▶ THE DATA:
────────────────────────────────────────

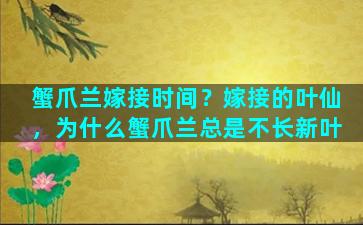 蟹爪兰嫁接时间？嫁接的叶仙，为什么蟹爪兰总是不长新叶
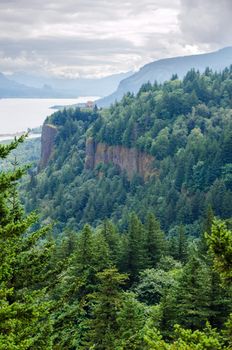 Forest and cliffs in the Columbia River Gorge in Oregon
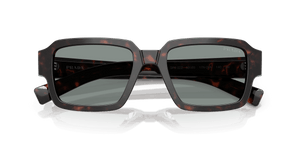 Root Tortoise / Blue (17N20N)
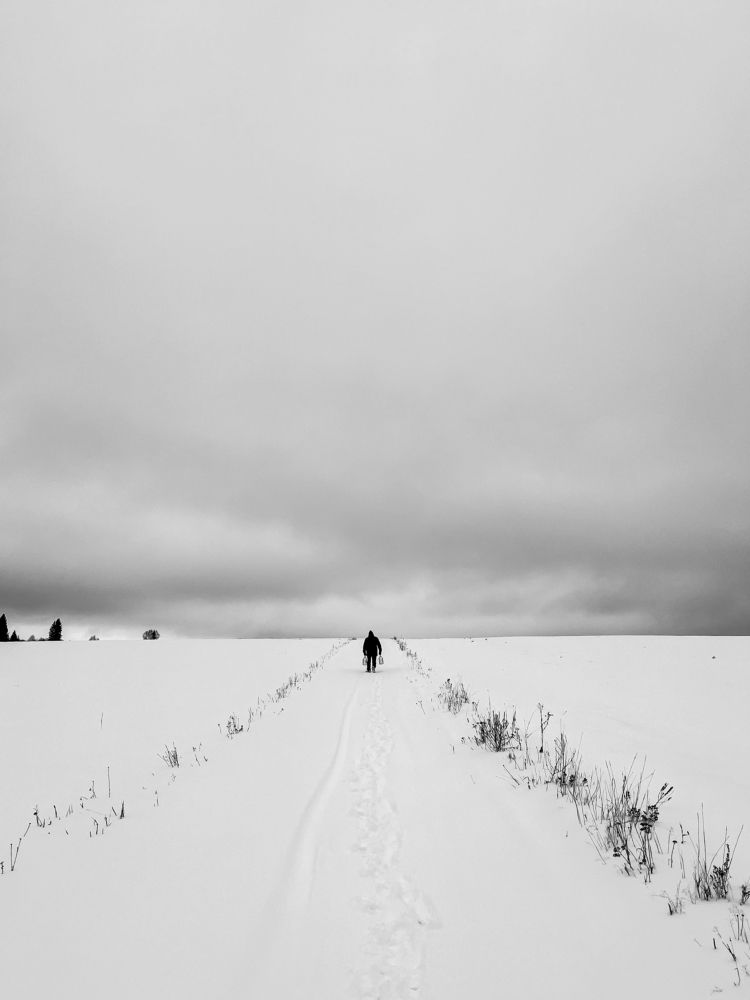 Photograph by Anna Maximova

────────────────────────────────────────

▶ PROBLEM DETAILS:
Go through the listing above and write it all out exactly, leaving out any picture.

▶ RESPONSE BELOW:
 蟹爪兰嫁接时间？嫁接的叶仙，为什么蟹爪兰总是不长新叶
 Forest and cliffs in the Columbia River Gorge in Oregon
 Root Tortoise / Blue (17N20N)
 Photograph by Anna Maximova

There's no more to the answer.